Key to the benefits of IP (and a likely barrier to acceptance from the programming community) is that source code is not stored in text files, but in a proprietary binary file that bears a resemblance to XML. As with XML, there is no need for a specific parser for each piece of code that wishes to operate on the information that forms the program, lowering the barrier to writing analysis or restructuring tools. The video demonstrates how the system handles languages that use a text-based preprocessor by surveying the specific usages of macros in a body of code to invent a more hygienic abstraction.

Tight integration of the editor with the binary format brings some of the nicer features of database normalization to source code. Redundancy is eliminated by giving each definition a unique identity, and storing the name of variables and operators in exactly one place. This means it's also possible to intrinsically distinguish between declarations and references, and the environment shows declarations in boldface type. Whitespace is also not stored as part of the source code, and each programmer working on a project can choose an indentation display of the source that they like. More radical visualizations include showing statement lists as nested boxes, editing conditional expressions as logic gates, or re-rendering names in Chinese.

The project appears to standardize a kind of XML Schema for popular languages like C++ and Java, while allowing users of the environment to mix and match these with ideas from Eiffel and other languages. Often mentioned in the same breath as aspect-oriented programming, IP purports to provide some breakthroughs in Generative programming. These techniques allow developers to extend the language environment to capture domain-specific constructs without the investment in writing an entire compiler and editor for these new languages. In this way, it seems comparable to the Synthesizer Generator.

[edit] Example

A program that writes out the numbers from 1 to 10, using a Java-like syntax, might look like this:

for (int i = 1; i <= 10; i++) {
  System.out.println("the number is " + i);
}

The code above contains one of the more common constructs of most computer languages, the bounded loop, in this case represented by the for construct. The code, when compiled, linked and run, will loop 10 times, incrementing the value of i each time and then printing it out.

However this code does not truly capture the intentions of the programmer, which was, simply, "print the numbers 1 to 10". In this simple case, a programmer asked to maintain the code could likely figure out what it is trying to do, but this is not always the case. Loops that extend across many lines can become very difficult to understand, notably if the original programmer uses unclear labels. Traditionally the only way to indicate the intention of the code was to add source code comments, but many programmers tend to ignore these as wasted typing.

In intentional programming systems the above loop could be represented, at some level, as something as obvious as "print the numbers 1 to 10". The system would then use the intentions to generate source code, likely something very similar to the code above. The key difference is that the source code has lost the semantic level that the intentional programming systems maintain, and in larger programs this can dramatically ease readability.

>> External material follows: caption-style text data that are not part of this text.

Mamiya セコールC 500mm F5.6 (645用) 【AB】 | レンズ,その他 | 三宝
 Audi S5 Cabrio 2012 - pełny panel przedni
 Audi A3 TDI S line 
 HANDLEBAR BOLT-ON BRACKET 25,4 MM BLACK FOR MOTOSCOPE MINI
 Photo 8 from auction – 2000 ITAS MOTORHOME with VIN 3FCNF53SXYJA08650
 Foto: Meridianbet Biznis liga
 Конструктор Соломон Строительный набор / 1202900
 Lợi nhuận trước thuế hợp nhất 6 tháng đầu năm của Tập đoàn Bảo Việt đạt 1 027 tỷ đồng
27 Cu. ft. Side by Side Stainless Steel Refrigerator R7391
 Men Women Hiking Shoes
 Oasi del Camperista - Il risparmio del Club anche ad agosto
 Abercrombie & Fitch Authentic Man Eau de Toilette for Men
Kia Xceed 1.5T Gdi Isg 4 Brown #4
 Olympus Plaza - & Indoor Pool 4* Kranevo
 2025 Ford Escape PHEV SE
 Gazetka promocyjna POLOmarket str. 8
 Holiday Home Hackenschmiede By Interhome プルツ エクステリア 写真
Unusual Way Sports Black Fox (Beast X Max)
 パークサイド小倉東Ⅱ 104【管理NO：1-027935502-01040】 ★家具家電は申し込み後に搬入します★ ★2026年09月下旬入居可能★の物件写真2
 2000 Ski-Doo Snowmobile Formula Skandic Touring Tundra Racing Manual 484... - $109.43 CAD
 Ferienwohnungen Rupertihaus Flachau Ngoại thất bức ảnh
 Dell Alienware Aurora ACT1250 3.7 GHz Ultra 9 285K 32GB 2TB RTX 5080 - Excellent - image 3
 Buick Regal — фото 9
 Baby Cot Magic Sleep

Although most languages contain mechanisms for capturing this kind of abstraction, IP allows for the evolution of new mechanisms. Thus, if a developer started with a language like C, they would be able to extend the language with features such as those in C++ without waiting for the compiler developers to add them. By analogy, many more powerful expression mechanisms could be used by programmers than mere classes and procedures.

[edit] Identity

IP focuses on the concept of identity. Since most programming languages represent the source code as plain text, objects are defined by names, and their uniqueness has to be inferred by the compiler. For example, the same symbolic name may be used to name different variables, procedures, or even types. In code that spans several pages--or, for globally visible names, multiple files--it can become very difficult to tell what symbol refers to what actual object. If a name is changed, the code where it is used must carefully be examined.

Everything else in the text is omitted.